Given data:

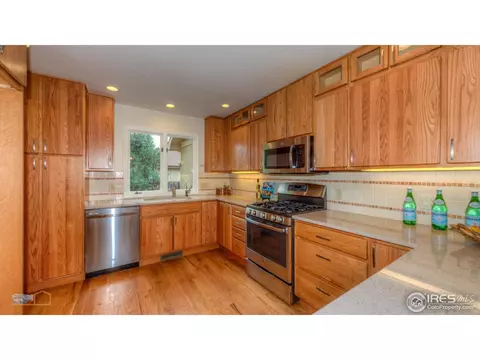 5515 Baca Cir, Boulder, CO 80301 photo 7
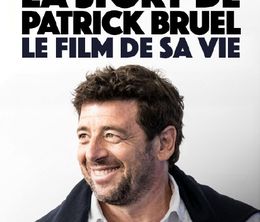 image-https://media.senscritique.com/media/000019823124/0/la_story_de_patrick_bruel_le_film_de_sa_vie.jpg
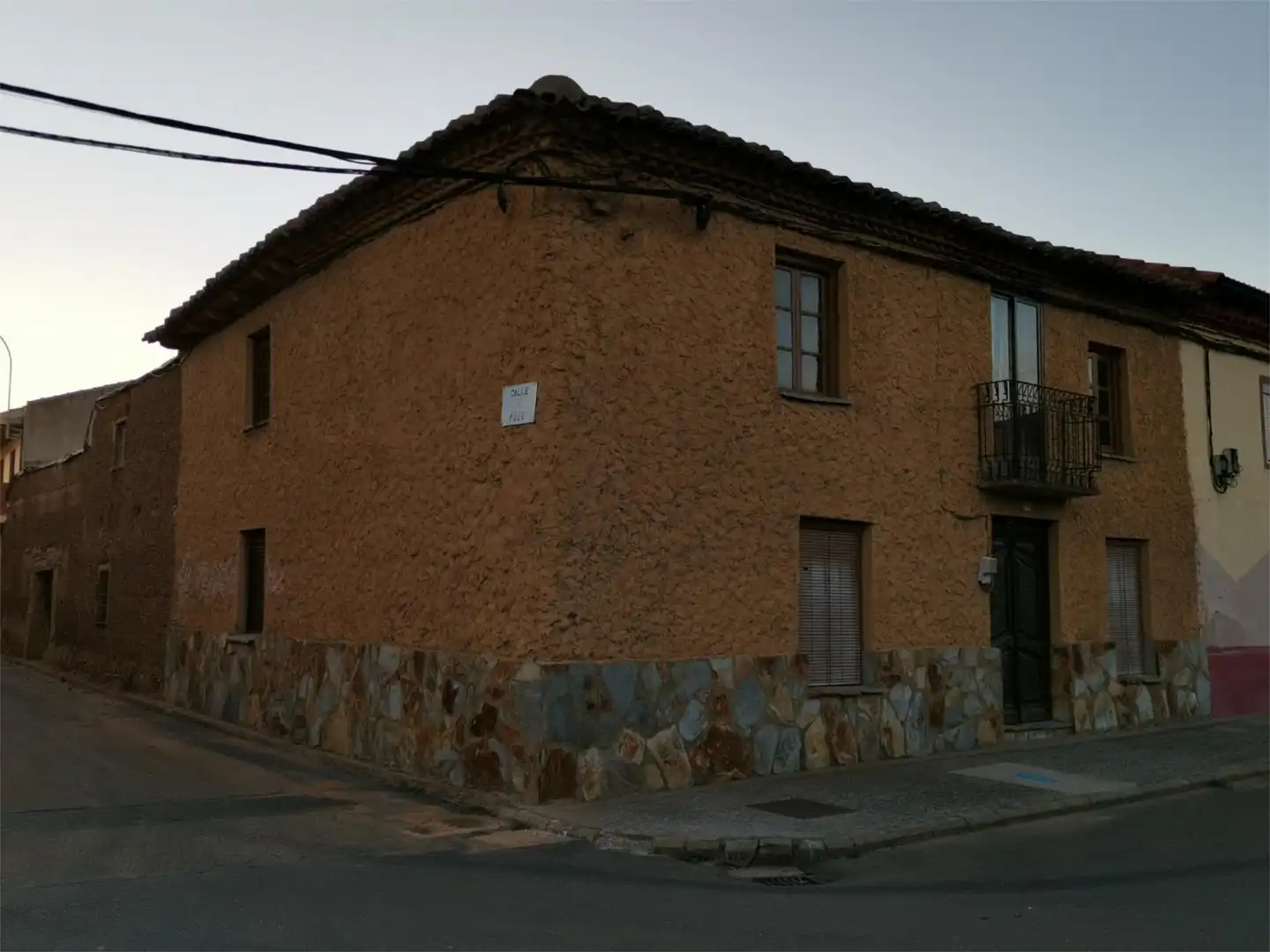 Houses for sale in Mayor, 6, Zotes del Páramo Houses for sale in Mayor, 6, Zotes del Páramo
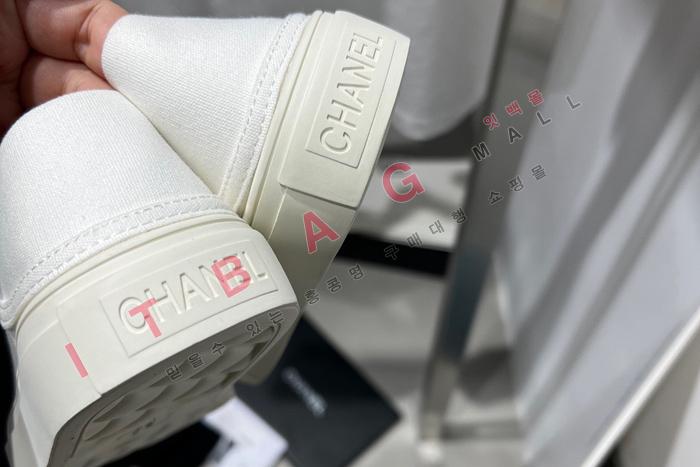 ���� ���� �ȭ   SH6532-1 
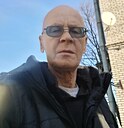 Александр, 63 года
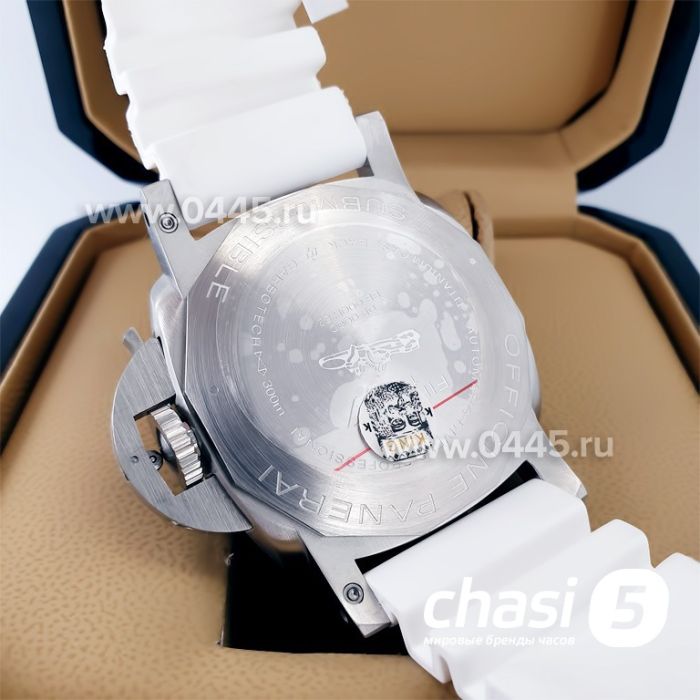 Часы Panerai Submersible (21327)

Problem details: Give back all of the data exactly, but not the pictures.

Answer for the task:
 5515 Baca Cir, Boulder, CO 80301 photo 7
 image-https://media.senscritique.com/media/000019823124/0/la_story_de_patrick_bruel_le_film_de_sa_vie.jpg
 Houses for sale in Mayor, 6, Zotes del Páramo Houses for sale in Mayor, 6, Zotes del Páramo
 ���� ���� �ȭ   SH6532-1 
 Александр, 63 года
 Часы Panerai Submersible (21327)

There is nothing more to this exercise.